### DIRECTIONS
An exact transcription of every entry is required. Images are not part of it.

-- TASK INPUTS follows --

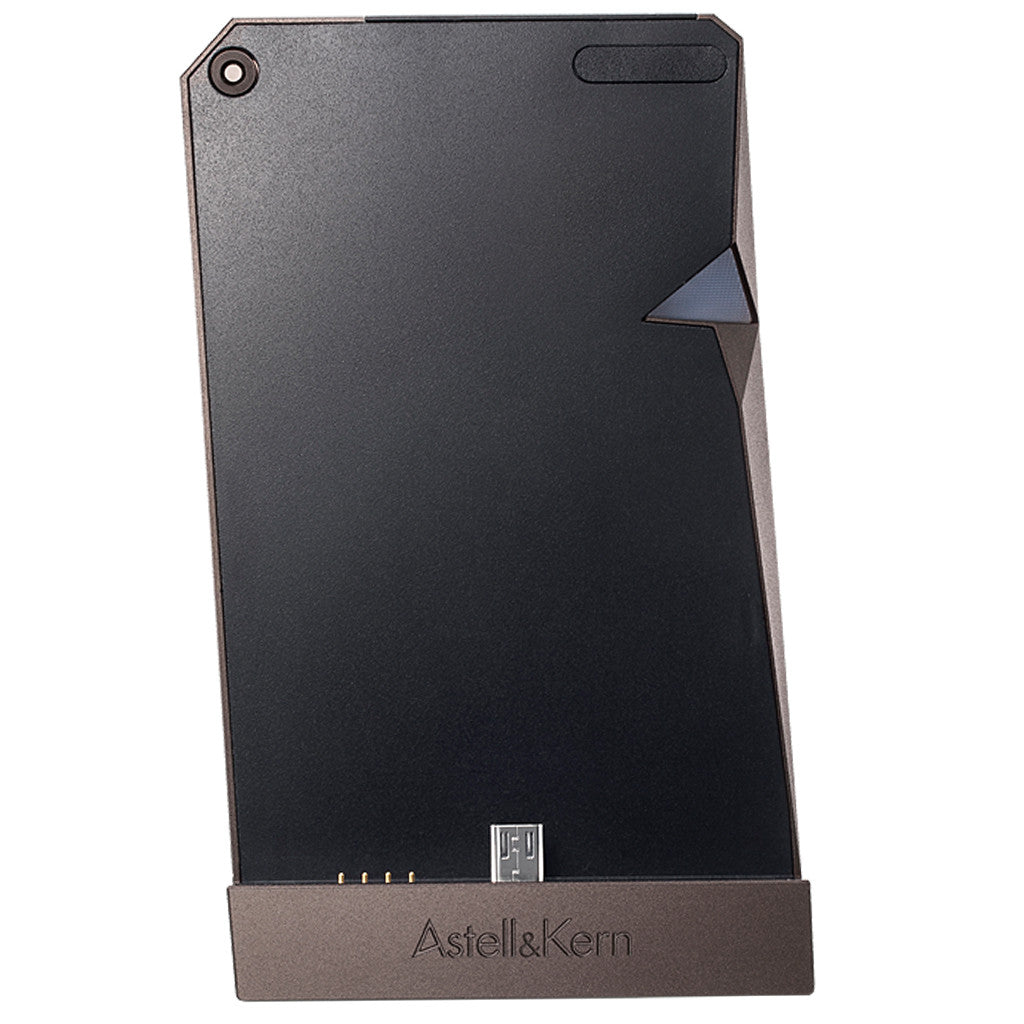 Astell & Kern AK380 Amplifier - iN Personal Audio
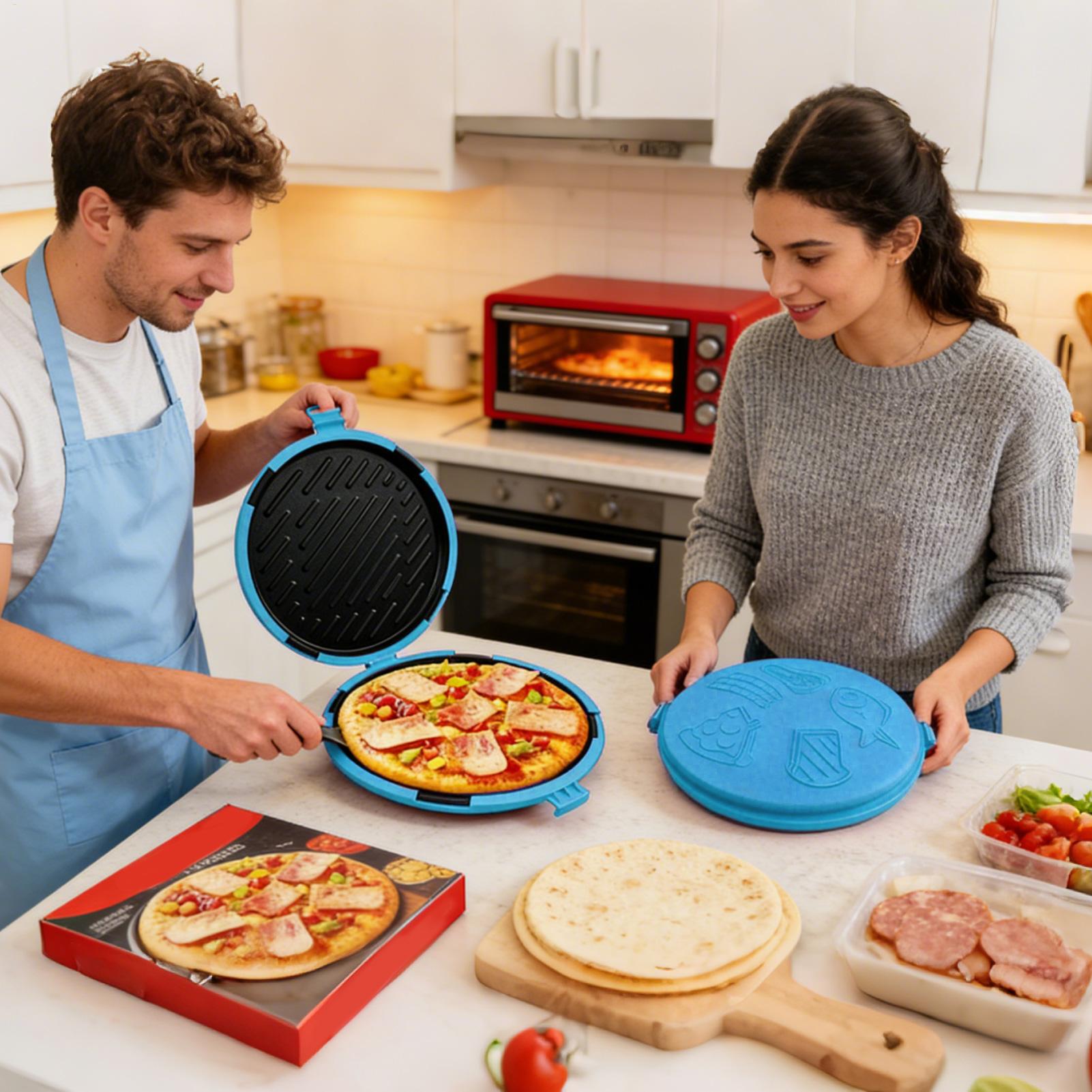 Assadeira de Micro-ondas para  - Kitchen Baking Pans avaliação e preço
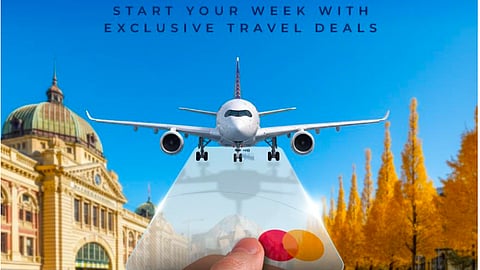 PAL, Mastercard bring back ‘Mastercard Mondays’ deals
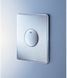 Grohe Skate Накладная панель из нержавеющей стали (38672SD0) 38672SD0 фото 6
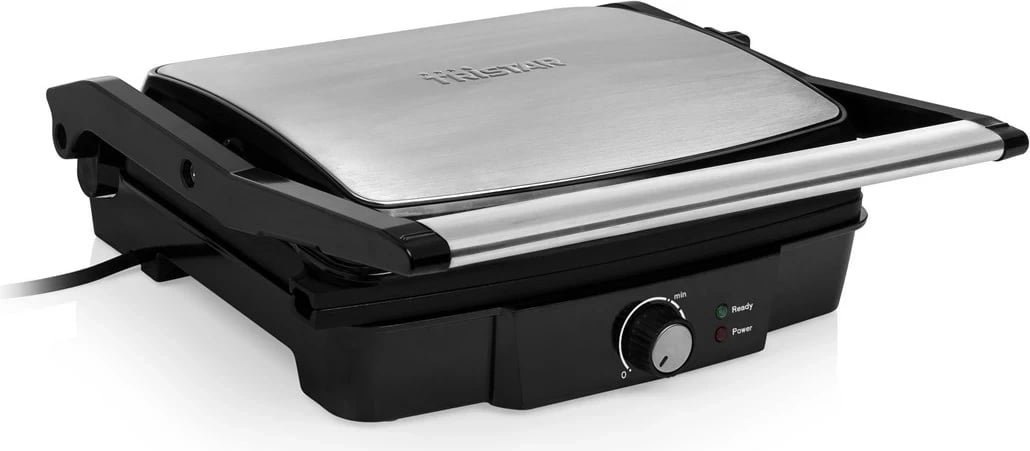 Grill elektrik TRISTAR GR-2853, i zi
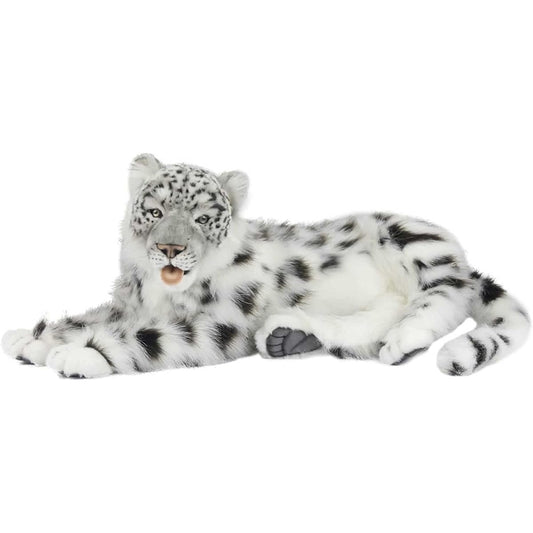 BH6999 HANSA Snow Leopard 70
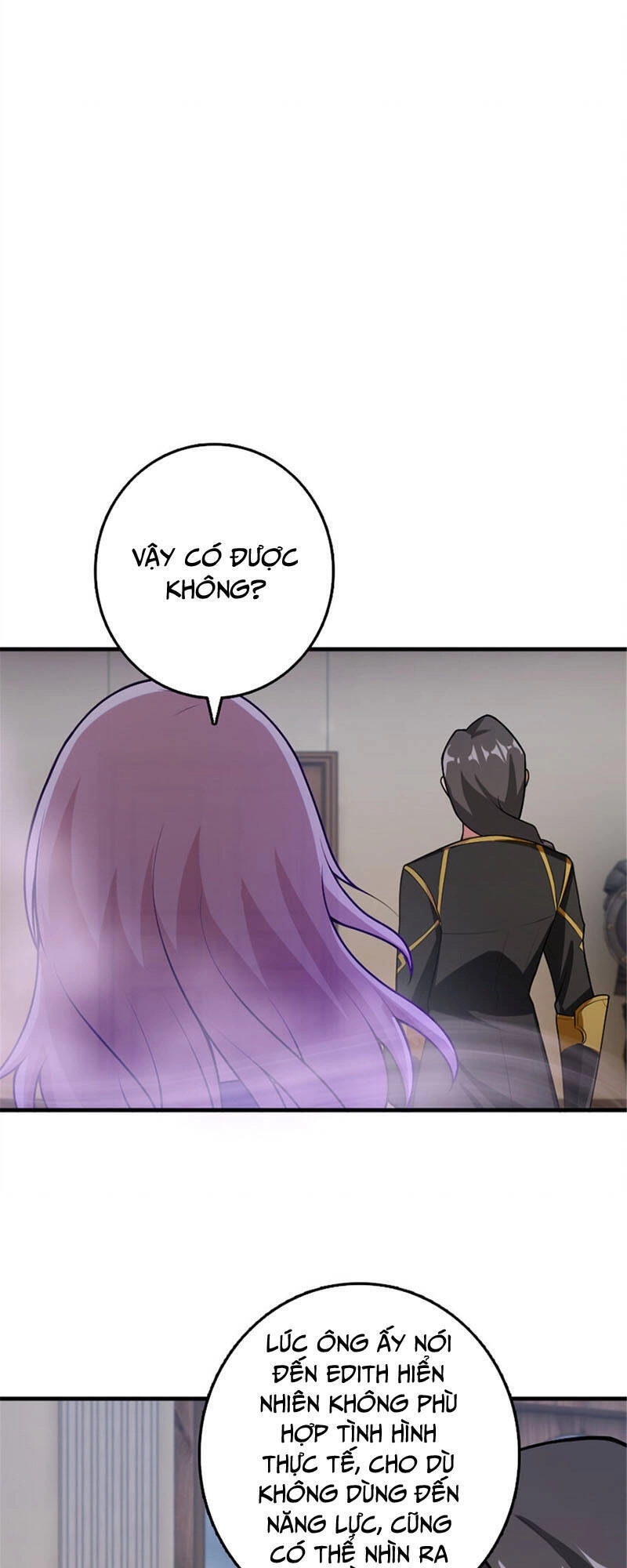 Thả Vu Nữ Đó Ra Chapter 389 - 19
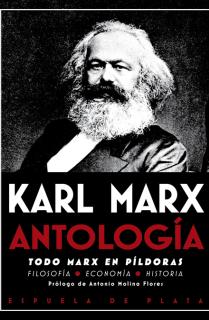 Antología. Todo Marx en píldoras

-- TASK INPUTS concluded --

### ANSWER SPACE
 Astell & Kern AK380 Amplifier - iN Personal Audio
 Assadeira de Micro-ondas para  - Kitchen Baking Pans avaliação e preço
 PAL, Mastercard bring back ‘Mastercard Mondays’ deals
 Grohe Skate Накладная панель из нержавеющей стали (38672SD0) 38672SD0 фото 6
 Grill elektrik TRISTAR GR-2853, i zi
 BH6999 HANSA Snow Leopard 70
 Thả Vu Nữ Đó Ra Chapter 389 - 19
 Antología. Todo Marx en píldoras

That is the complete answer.